Dataset extract —
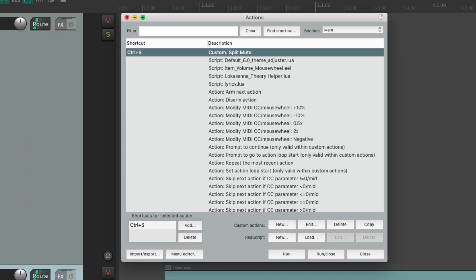We can create as many custom actions with as many actions in them as we want. So that's pretty much it — that's actions and the action list in Reaper. Hope you learned something, hope you can use it, and I'll see you in the next video. Thanks!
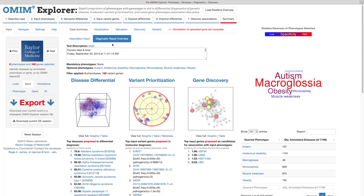This allows you to export your work as an OMIM Explorer session file, which I mentioned at the beginning of the tutorial. Let's go ahead and click the download button to export a session file to our desktop.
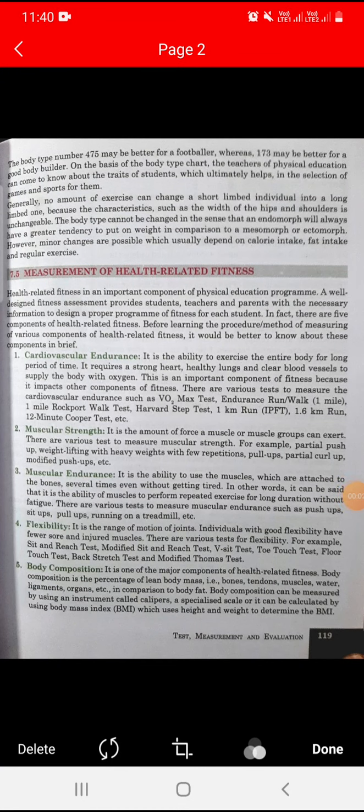Hello everyone. Today we start Chapter 7, continuing from page 119. Today's topic is muscular endurance. Muscular endurance is the ability to use the muscles which are attached to the bones.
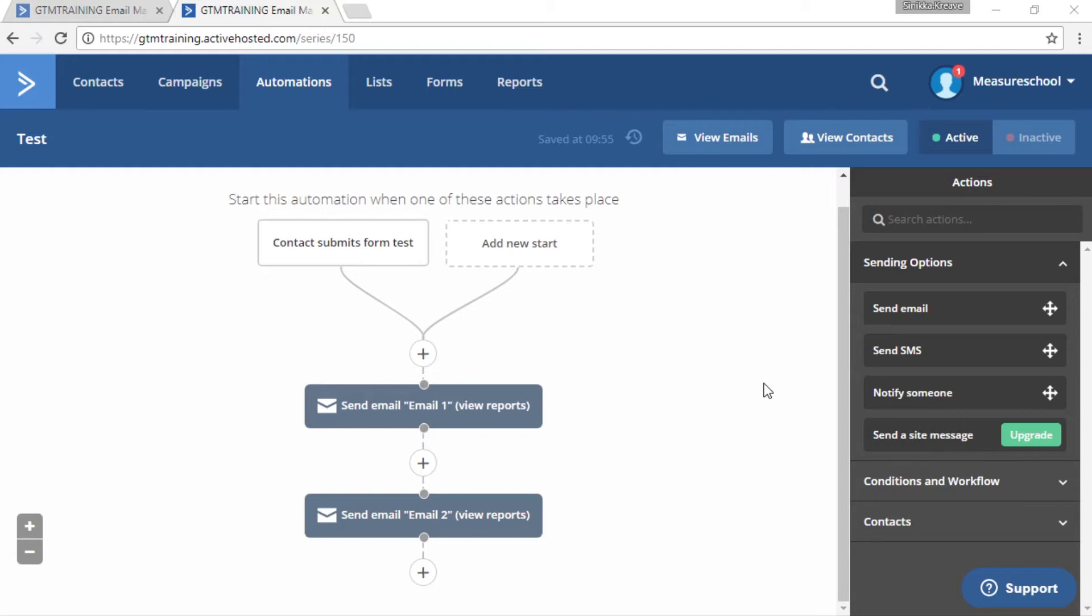To do that we will use Active Campaign's goal automation action and we will use a tag as a condition for this goal. But you can use other conditions for example visiting a specific page or opening a campaign and a lot more. But we will use a tag in our example.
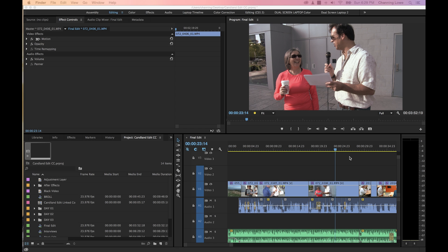Hello, everybody. In this episode, I'm going to be showing you how to use the mask and the mask tracking effect in Premiere, which is pretty useful at times. There's a ton of uses you can find for the mask. One kind of popular use is like blurring out somebody's face.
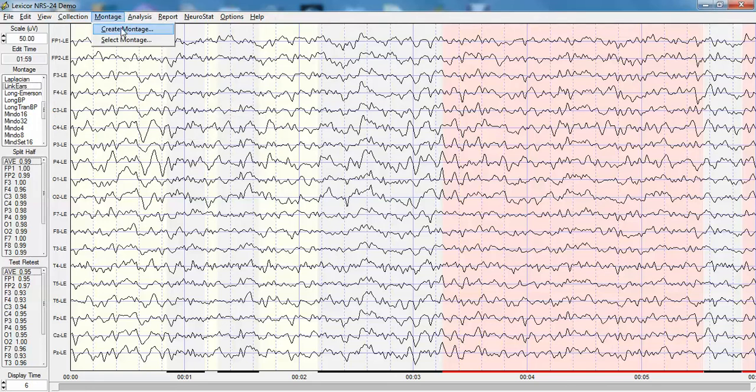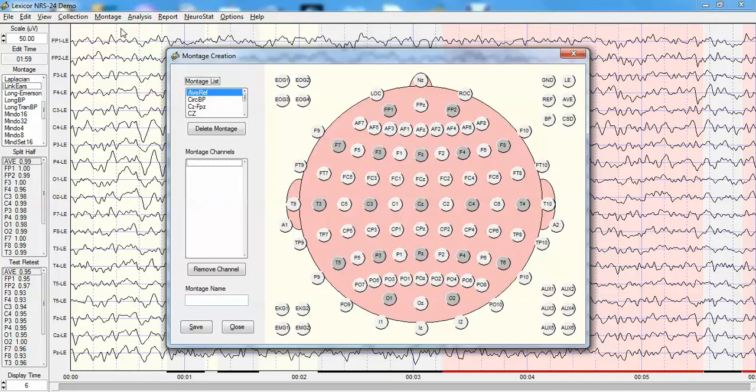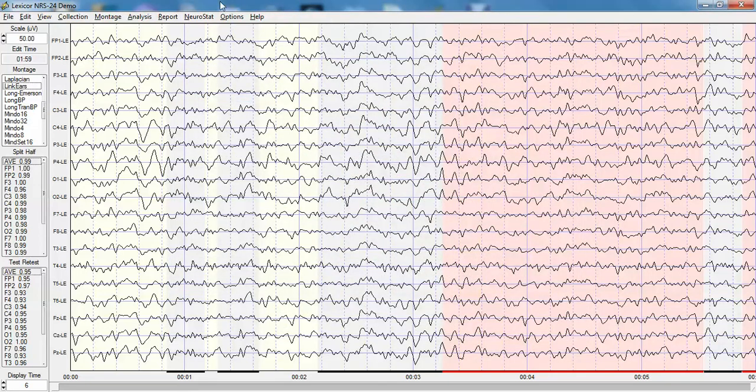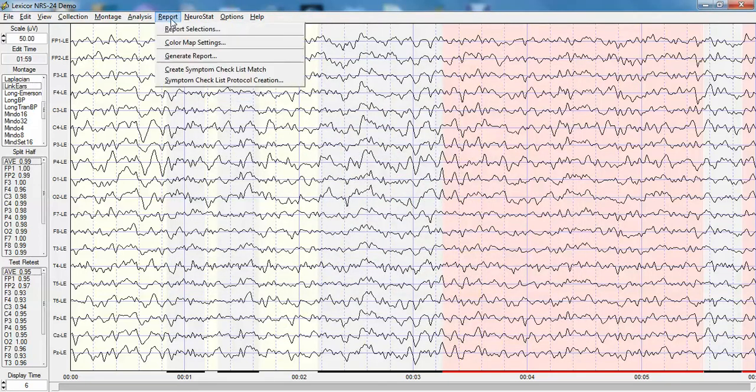One can create any montage one wants by opening up the montage window. There's 85 electrodes here, but NeuroGuide can import up to 128 channels. One can also generate reports.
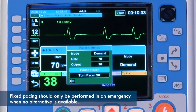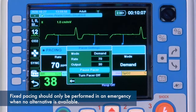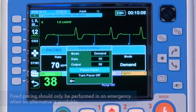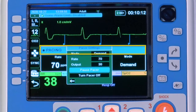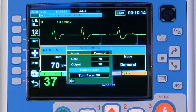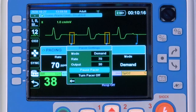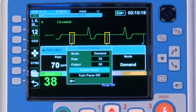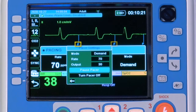Fixed pacing should only be performed in an emergency when no alternative is available. When the X-series Advanced Pacer is active, a blue bar will appear at the top of the Pacer window and blue Pacer markers will appear in the ECG. The letter P will appear under each Pacer spike.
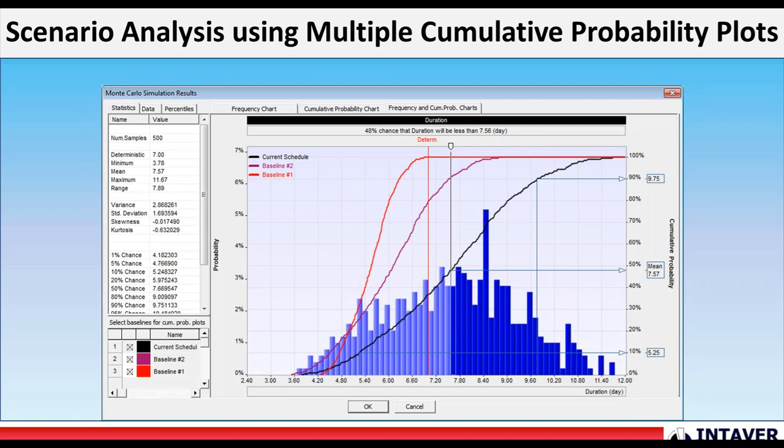Scenario analysis using multiple cumulative probability plots. Scenario analysis can now be performed using multiple baselines plotted as S-curves associated with the results of Monte Carlo simulations of different baselines. Scenario analysis by viewing multiple cumulative probability plots. You can compare the uncertainties of different project scenarios. These multiple S-curve plots are available at the project and activity level.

Problem statement — The expected answer is an exact copy of the lines from the one containing "Fixed pacing should" through the last line of the entries above, both included, without pictures.

The completed task —
Fixed pacing should only be performed in an emergency when no alternative is available. When the X-series Advanced Pacer is active, a blue bar will appear at the top of the Pacer window and blue Pacer markers will appear in the ECG. The letter P will appear under each Pacer spike.
Scenario analysis using multiple cumulative probability plots. Scenario analysis can now be performed using multiple baselines plotted as S-curves associated with the results of Monte Carlo simulations of different baselines. Scenario analysis by viewing multiple cumulative probability plots. You can compare the uncertainties of different project scenarios. These multiple S-curve plots are available at the project and activity level.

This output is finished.